# [Problem to work on]
After finding the line with "22,23 mm BOSCH" in the data below, set down exactly each line through the one with "Eyelash Print Coral Fleece Blanket", inclusive, and stop there.

(Brief descriptive captions)
=== Section Start ===
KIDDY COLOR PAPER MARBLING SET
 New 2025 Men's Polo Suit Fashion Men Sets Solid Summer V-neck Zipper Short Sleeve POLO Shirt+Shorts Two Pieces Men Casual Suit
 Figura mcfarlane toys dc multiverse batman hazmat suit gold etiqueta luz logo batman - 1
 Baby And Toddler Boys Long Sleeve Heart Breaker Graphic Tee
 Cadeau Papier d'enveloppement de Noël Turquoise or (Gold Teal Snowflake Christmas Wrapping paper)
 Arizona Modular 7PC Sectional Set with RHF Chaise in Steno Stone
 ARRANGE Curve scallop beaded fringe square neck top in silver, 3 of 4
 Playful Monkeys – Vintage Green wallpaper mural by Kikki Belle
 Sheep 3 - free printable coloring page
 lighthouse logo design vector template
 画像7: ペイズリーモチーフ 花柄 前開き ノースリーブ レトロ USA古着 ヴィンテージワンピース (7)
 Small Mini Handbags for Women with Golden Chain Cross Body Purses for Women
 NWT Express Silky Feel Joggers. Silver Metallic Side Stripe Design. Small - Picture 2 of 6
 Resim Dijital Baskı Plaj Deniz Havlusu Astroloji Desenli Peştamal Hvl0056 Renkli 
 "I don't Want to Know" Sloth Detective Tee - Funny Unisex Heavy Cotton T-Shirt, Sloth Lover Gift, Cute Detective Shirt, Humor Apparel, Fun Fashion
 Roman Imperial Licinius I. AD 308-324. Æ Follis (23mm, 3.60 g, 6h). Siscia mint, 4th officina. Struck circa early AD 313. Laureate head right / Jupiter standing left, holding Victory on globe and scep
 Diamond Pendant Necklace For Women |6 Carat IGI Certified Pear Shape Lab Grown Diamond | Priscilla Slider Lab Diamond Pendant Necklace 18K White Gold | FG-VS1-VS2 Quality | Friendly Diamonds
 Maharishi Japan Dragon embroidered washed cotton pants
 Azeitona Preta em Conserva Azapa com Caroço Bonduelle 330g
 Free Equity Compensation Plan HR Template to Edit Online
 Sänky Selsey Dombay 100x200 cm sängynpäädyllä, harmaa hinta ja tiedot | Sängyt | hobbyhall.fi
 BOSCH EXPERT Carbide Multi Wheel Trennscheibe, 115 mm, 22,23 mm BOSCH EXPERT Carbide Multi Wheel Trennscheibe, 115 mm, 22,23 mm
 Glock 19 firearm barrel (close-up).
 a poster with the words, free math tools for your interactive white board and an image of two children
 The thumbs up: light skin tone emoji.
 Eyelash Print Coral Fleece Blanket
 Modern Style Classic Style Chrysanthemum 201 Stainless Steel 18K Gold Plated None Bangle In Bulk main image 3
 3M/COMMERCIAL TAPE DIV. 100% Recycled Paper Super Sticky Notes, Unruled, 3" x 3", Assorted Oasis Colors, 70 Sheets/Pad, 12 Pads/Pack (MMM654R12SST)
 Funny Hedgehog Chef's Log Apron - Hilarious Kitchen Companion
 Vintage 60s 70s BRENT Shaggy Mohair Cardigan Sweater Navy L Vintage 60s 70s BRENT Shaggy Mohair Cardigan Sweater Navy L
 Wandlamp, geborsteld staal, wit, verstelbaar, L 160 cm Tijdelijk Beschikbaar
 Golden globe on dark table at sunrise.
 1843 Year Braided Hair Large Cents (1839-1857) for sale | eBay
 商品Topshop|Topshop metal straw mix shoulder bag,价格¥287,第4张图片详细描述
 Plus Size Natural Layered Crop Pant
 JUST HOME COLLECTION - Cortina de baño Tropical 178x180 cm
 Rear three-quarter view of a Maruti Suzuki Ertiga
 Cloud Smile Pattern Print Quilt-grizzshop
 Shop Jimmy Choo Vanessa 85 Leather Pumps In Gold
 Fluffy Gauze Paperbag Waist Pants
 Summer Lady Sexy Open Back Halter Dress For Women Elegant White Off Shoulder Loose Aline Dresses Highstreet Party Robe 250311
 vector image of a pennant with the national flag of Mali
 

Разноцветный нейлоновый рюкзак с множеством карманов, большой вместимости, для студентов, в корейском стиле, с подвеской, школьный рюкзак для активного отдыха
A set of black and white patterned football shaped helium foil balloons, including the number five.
=== Section End ===
# [Reply to the exercise]
 BOSCH EXPERT Carbide Multi Wheel Trennscheibe, 115 mm, 22,23 mm BOSCH EXPERT Carbide Multi Wheel Trennscheibe, 115 mm, 22,23 mm
 Glock 19 firearm barrel (close-up).
 a poster with the words, free math tools for your interactive white board and an image of two children
 The thumbs up: light skin tone emoji.
 Eyelash Print Coral Fleece Blanket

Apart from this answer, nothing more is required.